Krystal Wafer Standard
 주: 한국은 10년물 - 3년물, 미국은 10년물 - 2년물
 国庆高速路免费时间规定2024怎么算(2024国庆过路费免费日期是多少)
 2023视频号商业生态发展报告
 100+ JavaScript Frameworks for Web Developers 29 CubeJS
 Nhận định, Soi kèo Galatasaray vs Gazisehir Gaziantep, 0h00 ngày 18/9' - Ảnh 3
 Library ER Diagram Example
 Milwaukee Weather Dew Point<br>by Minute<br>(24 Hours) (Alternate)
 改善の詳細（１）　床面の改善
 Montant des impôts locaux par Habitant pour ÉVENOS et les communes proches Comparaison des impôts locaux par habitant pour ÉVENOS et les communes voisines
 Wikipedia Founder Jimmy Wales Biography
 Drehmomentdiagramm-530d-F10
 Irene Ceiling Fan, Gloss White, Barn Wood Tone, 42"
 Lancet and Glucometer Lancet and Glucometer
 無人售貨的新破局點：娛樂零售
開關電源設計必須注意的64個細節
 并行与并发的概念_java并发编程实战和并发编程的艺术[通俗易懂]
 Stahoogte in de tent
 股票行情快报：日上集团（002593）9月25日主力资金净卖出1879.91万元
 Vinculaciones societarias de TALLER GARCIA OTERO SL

━━━━━━━━

→ **Exercise directions**
Until the last line is reached, keep transcribing the data exactly.

→ **Result below**
Krystal Wafer Standard
 주: 한국은 10년물 - 3년물, 미국은 10년물 - 2년물
 国庆高速路免费时间规定2024怎么算(2024国庆过路费免费日期是多少)
 2023视频号商业生态发展报告
 100+ JavaScript Frameworks for Web Developers 29 CubeJS
 Nhận định, Soi kèo Galatasaray vs Gazisehir Gaziantep, 0h00 ngày 18/9' - Ảnh 3
 Library ER Diagram Example
 Milwaukee Weather Dew Point<br>by Minute<br>(24 Hours) (Alternate)
 改善の詳細（１）　床面の改善
 Montant des impôts locaux par Habitant pour ÉVENOS et les communes proches Comparaison des impôts locaux par habitant pour ÉVENOS et les communes voisines
 Wikipedia Founder Jimmy Wales Biography
 Drehmomentdiagramm-530d-F10
 Irene Ceiling Fan, Gloss White, Barn Wood Tone, 42"
 Lancet and Glucometer Lancet and Glucometer
 無人售貨的新破局點：娛樂零售
開關電源設計必須注意的64個細節
 并行与并发的概念_java并发编程实战和并发编程的艺术[通俗易懂]
 Stahoogte in de tent
 股票行情快报：日上集团（002593）9月25日主力资金净卖出1879.91万元
 Vinculaciones societarias de TALLER GARCIA OTERO SL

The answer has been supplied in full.